Following lengthy arguments proffered to the Court of Appeal by Solicitor General, Nigel Hawke and Former Attorney General Anil Nandlall on behalf of the PPP, the court yesterday announced that it will rule in the matter on Wednesday, January 22, 2020.

The appeal is being heard at the bench of Justices of Appeal Rishi Persaud and Dawn Gregory and High Court Judge Franklyn Holder. In his submissions to the court, Nandlall is asking that the appeal be dismissed with costs.

According to Nandlall, he is not challenging the qualification of any person to be elected as a member of the National Assembly. He even conceded that Ministers Scott and Felix are both qualified to be elected members.

His issue, however, is that they were not extracted from the list upon which they were elected. Nandlall submitted that the Ministers were elected as members of the National Assembly pursuant to paragraph Two of Article 60 or Article 160 (2) of the Constitution, as defined by Article 232 of the Constitution.
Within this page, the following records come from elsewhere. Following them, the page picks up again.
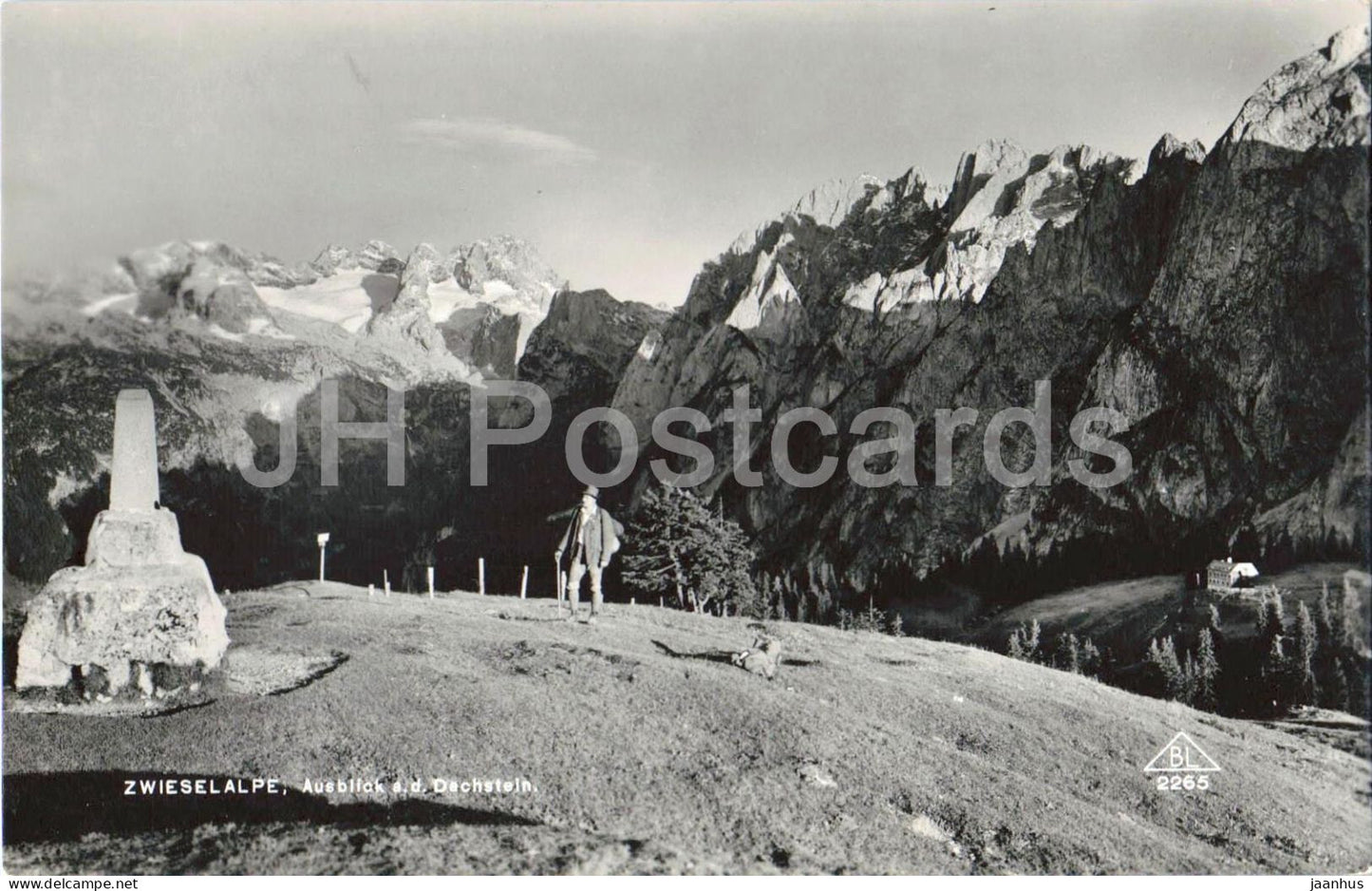Zwieselalpe - Ausblick auf den Dachstein - Hiker - mountains - No. 2265 - old postcard - 1940 - Austria - used - JH Postcards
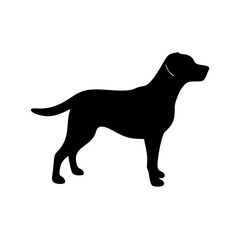 Dog Breed Silhouettes, Personalized Dog Silhouette, Dog Breed SVG,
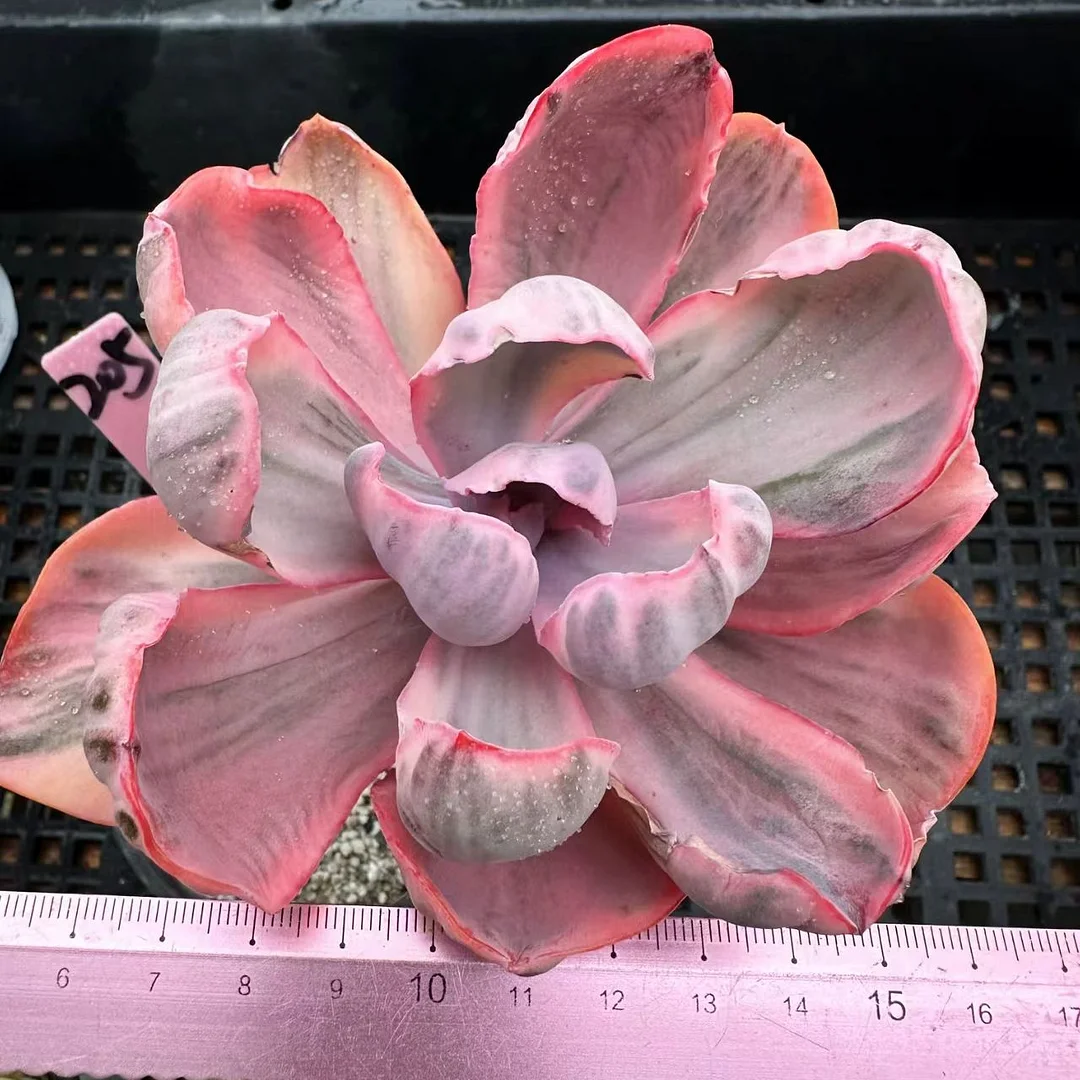 plant Aeonium Echeveria Haworthia  Caudex  Lithops Cactus  Agave 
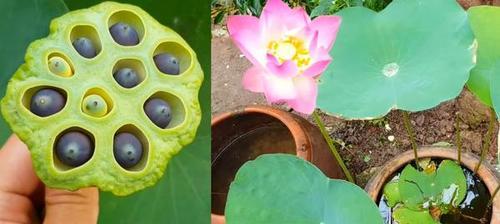 莲花种子的种植方法（如何让莲花在家中生长）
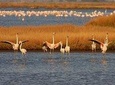 Birdwatching and Photo Tour in Diaccia Botrona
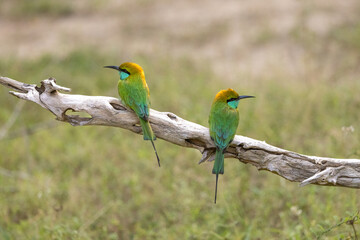 A pair of Little Green Bee-eaters perched on a branch seen in natural native habitat, Yala National Park, Sri Lanka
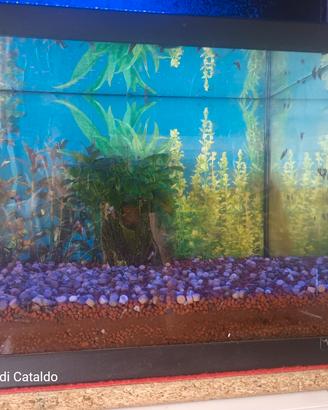 acquario 60 litri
He submitted, “The challenge is solely directed to the President’s exercise of his powers to appoint Ministers, and having regard to the relevant provisions of the Constitution, the challenge is that Messrs.

Felix and Scott are not qualified to be appointed Ministers under those provisions on the ground that they are elected members of the National Assembly and only non-elected members of the National Assembly can be appointed to those positions [as Technocrat Ministers].”

It is Nandlall’s contention that Ministers Felix and Scott cannot become Technocrat Ministers under Articles 103(3) and 105 of the Constitution. This is so, Nandlall says, because Technocrat Ministers do not have a vote, since they were not elected by the people.

In short, once elected by the people the Constitution does not permit such a person to sit in the National Assembly without being able to vote; it is only those persons who are not on a list, and therefore did not face the electorate, who can sit in the National Assembly without the right to vote, Nandlall argues.

By Official Gazette publication, dated June 05, 2015, the Guyana Elections Commission, among other things declared the names of the persons who, as a result of the General and Regional Elections, were extracted to become members of the National Assembly.

Nandlall noted that it is common knowledge that these Members of the National Assembly are elected members and have a right to vote.

In closing, he urged the court to deliver its ruling within a reasonable time, as this case raises constitutional issues of some importance. He said, “More likely than not, this issue will arise again when Ministers are to be appointed after the March 2020 Elections.

It will therefore be of great assistance if a ruling can be given earliest by this Court, so that, if an Appeal is to be filed to the Caribbean Court of Justice, every effort can be made to have the hearing and determination of the same, expedited and concluded before March 2020.”

Government has always insisted that the ruling was something it cannot accept, as it is of the view that the ministers were properly appointed. In an appeal against the ruling, Government contended that Justice Chang’s ruling was bad in law and a breach of the principles of natural justice.

Contended that the ruling cannot be supported in law, Government has argued that Justice Chang “fell into grave error of law and misdirected himself in law, when he found that persons who are on the successful list of candidates are elected and therefore cannot qualify under Article 105 of the Constitution of Guyana to be ‘non-elected’ members of parliament and who have not been chosen or selected from the list of candidates to be Members of Parliament are excluded from being selected by the President as persons who are qualified to be elected as members of the National Assembly.”

In fact, Attorney General Basil Williams has argued that Chang also misdirected himself in law when he, “Failed to take into account that Article 163 (4) (a) of the Constitution of Guyana empowered Parliament to make provisions with respect to the circumstances and manner in which and the conditions upon which proceedings for the determination of any question under this article may be instituted in the High Court which Parliament did by enacting the National Assembly (Validity of Elections) Act, Cap. 1:04.”

One ground on which the appeal was filed is that at the time of delivering the ruling, Chang, who was the outgoing Chief Justice, was functus officio, which is used especially to define an officer who is no longer in office or of an instrument that has fulfilled its purpose.